# Re: Testing for the equivalence relation

Date: 1 Jul 2005 12:42:56 -0700

Message-ID: <1120246976.568742.298870_at_g49g2000cwa.googlegroups.com>

"No, there are two equivalence classes. Period. Saying that there are 4 is sloppy terminology."

Equivalance classes, denoted with brackets:

[a] = {a, b} [b] = {a, b} [c] = {c, d} [d] = {c, d}

Distinct equivalence classes

{a,b}

{c,d}

I make my comments based on the following as a defintion of equivalence class (from Discrete Mathematics with Applications by Susan Epp). If you think it is sloppy, I suppose you'll have to take it up with the author: "Suppose A is a set and R is an equivalence relation on A. For each element a in A, the equivalence class of a, denoted [a] and called the class of a for short, is the set of all elements in A such that x is related to a by R.

[a] = {x is an element of S | x R a}

- OR -

for all x in S, x is an element of [a] if, and only if, x is related to
a.

Jan: "Er, actually, you cannot. The notion of 'reflexivity' is defined
wrt.

(1) a domain and (2) a binary relation over that domain.
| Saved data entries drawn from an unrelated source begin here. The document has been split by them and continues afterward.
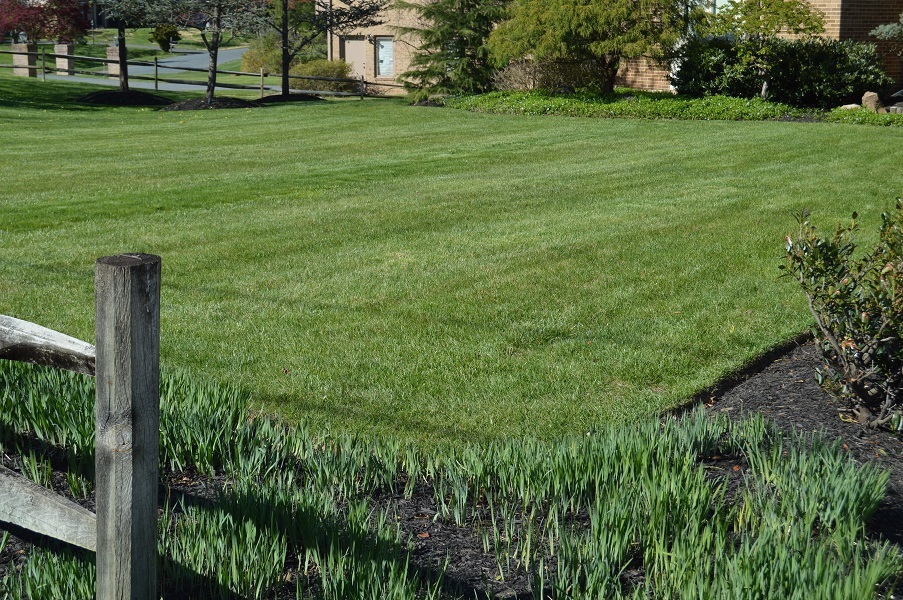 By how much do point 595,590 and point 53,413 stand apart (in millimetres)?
2477

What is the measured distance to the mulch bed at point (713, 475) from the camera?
3.27 meters

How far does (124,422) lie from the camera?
241cm

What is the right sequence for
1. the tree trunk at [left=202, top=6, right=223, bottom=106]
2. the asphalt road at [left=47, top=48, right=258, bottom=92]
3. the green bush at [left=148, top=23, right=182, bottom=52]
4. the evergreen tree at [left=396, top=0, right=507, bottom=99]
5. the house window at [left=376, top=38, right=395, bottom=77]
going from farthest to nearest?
the green bush at [left=148, top=23, right=182, bottom=52] < the asphalt road at [left=47, top=48, right=258, bottom=92] < the house window at [left=376, top=38, right=395, bottom=77] < the tree trunk at [left=202, top=6, right=223, bottom=106] < the evergreen tree at [left=396, top=0, right=507, bottom=99]

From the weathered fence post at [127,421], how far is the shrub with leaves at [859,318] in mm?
3192

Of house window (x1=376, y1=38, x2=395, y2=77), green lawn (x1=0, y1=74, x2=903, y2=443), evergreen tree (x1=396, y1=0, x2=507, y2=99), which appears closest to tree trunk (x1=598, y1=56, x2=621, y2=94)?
evergreen tree (x1=396, y1=0, x2=507, y2=99)

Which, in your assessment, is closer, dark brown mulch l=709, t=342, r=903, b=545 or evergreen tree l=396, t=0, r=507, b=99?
dark brown mulch l=709, t=342, r=903, b=545

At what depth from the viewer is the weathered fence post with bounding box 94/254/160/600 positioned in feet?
7.68

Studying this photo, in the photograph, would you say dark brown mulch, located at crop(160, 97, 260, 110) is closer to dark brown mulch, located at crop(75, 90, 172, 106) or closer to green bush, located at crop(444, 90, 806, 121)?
dark brown mulch, located at crop(75, 90, 172, 106)

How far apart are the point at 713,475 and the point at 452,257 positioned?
191 inches

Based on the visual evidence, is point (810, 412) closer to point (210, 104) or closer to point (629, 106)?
point (629, 106)

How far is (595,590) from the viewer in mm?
2945

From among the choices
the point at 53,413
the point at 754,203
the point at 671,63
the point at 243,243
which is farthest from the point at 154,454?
the point at 671,63

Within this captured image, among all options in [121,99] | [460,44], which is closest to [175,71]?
[121,99]

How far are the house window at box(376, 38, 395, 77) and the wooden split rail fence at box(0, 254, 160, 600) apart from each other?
3465cm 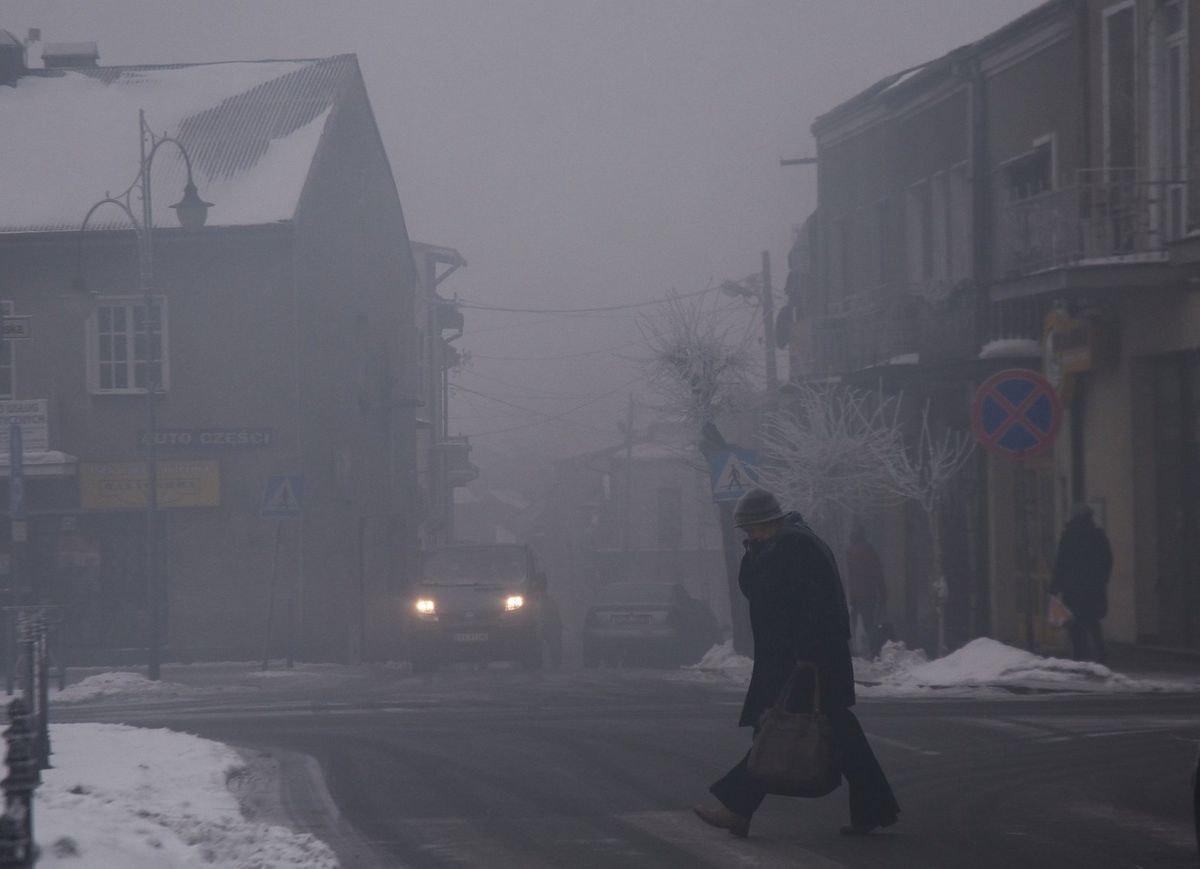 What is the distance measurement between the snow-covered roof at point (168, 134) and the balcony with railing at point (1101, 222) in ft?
47.1

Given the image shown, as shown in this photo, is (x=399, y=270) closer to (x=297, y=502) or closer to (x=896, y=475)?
(x=297, y=502)

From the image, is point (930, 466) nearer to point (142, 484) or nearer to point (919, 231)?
point (919, 231)

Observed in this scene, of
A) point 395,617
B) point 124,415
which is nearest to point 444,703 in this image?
point 124,415

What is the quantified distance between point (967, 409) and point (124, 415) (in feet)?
47.0

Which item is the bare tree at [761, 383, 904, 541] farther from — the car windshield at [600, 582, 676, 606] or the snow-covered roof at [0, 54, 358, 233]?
the snow-covered roof at [0, 54, 358, 233]

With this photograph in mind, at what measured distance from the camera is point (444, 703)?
1689 centimetres

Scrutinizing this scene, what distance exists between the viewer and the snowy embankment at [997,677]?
1606 cm

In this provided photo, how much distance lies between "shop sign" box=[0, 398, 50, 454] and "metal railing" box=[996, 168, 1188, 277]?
14.6 meters

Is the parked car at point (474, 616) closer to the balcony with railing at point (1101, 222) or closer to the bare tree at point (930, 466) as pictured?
the bare tree at point (930, 466)

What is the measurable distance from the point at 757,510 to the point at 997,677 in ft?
31.7

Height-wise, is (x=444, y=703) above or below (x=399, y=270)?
below

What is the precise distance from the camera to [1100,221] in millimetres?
18812

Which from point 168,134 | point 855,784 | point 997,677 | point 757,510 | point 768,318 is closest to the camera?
point 855,784

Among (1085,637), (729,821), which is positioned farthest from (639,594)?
(729,821) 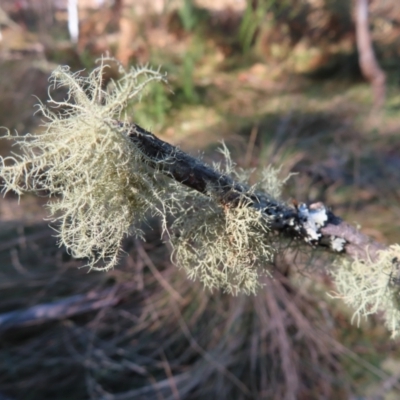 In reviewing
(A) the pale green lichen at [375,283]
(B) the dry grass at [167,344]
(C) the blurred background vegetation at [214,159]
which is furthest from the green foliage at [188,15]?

The notion is
not really defined if you only have (2). Of course you could introduce
a

related notion that only needs (2), but that would be a different
notion."

So why wouldn't the set S suffice as being the basis of (1)?. And yes, I am curious whether another notion applies here.

> For me, one of the benfits of answering this question is that it goes a

*> long way ascertaining a distinction between type and domain.
*

Hm, you think there is a difference?

Actually, in one sense, yes and in another sense, no.

- Dan